Write out exactly the line containing "MEXICO CITY, MEXICO" along with each line that follows it in the records below, and no others.

## Provided records
______

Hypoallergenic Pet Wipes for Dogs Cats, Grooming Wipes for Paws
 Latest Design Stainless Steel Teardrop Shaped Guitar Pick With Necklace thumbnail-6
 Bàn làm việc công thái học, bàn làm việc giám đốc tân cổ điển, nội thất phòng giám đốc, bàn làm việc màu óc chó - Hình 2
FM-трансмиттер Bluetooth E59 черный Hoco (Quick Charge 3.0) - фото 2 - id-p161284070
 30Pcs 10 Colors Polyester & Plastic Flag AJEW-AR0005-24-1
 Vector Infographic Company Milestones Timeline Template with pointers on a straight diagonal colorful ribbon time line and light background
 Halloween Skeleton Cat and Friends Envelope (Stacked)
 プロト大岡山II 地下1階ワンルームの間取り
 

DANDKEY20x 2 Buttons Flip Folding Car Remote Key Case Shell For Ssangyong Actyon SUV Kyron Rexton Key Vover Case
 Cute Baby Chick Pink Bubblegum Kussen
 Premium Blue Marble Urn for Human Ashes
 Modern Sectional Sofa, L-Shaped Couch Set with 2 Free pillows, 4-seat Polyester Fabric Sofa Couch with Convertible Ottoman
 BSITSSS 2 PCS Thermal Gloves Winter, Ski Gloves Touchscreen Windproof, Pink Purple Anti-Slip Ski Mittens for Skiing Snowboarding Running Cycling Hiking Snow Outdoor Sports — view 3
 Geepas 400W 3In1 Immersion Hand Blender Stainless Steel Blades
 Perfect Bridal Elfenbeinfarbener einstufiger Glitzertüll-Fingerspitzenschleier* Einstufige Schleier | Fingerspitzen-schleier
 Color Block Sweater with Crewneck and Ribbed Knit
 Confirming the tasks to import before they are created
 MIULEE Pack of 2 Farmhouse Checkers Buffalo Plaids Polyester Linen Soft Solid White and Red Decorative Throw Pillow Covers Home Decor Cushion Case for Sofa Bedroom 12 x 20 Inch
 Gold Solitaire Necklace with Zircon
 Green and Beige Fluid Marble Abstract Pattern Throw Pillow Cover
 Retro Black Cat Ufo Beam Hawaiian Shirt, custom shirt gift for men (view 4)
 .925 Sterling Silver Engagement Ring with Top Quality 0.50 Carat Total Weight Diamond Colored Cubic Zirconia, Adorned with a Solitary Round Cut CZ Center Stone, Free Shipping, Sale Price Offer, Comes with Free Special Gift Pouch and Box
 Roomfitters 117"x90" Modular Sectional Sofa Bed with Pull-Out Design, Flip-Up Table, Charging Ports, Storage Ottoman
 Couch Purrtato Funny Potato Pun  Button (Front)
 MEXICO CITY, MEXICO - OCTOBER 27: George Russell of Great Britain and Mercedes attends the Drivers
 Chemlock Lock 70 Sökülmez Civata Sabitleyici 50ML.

______

## Task answer
 MEXICO CITY, MEXICO - OCTOBER 27: George Russell of Great Britain and Mercedes attends the Drivers
 Chemlock Lock 70 Sökülmez Civata Sabitleyici 50ML.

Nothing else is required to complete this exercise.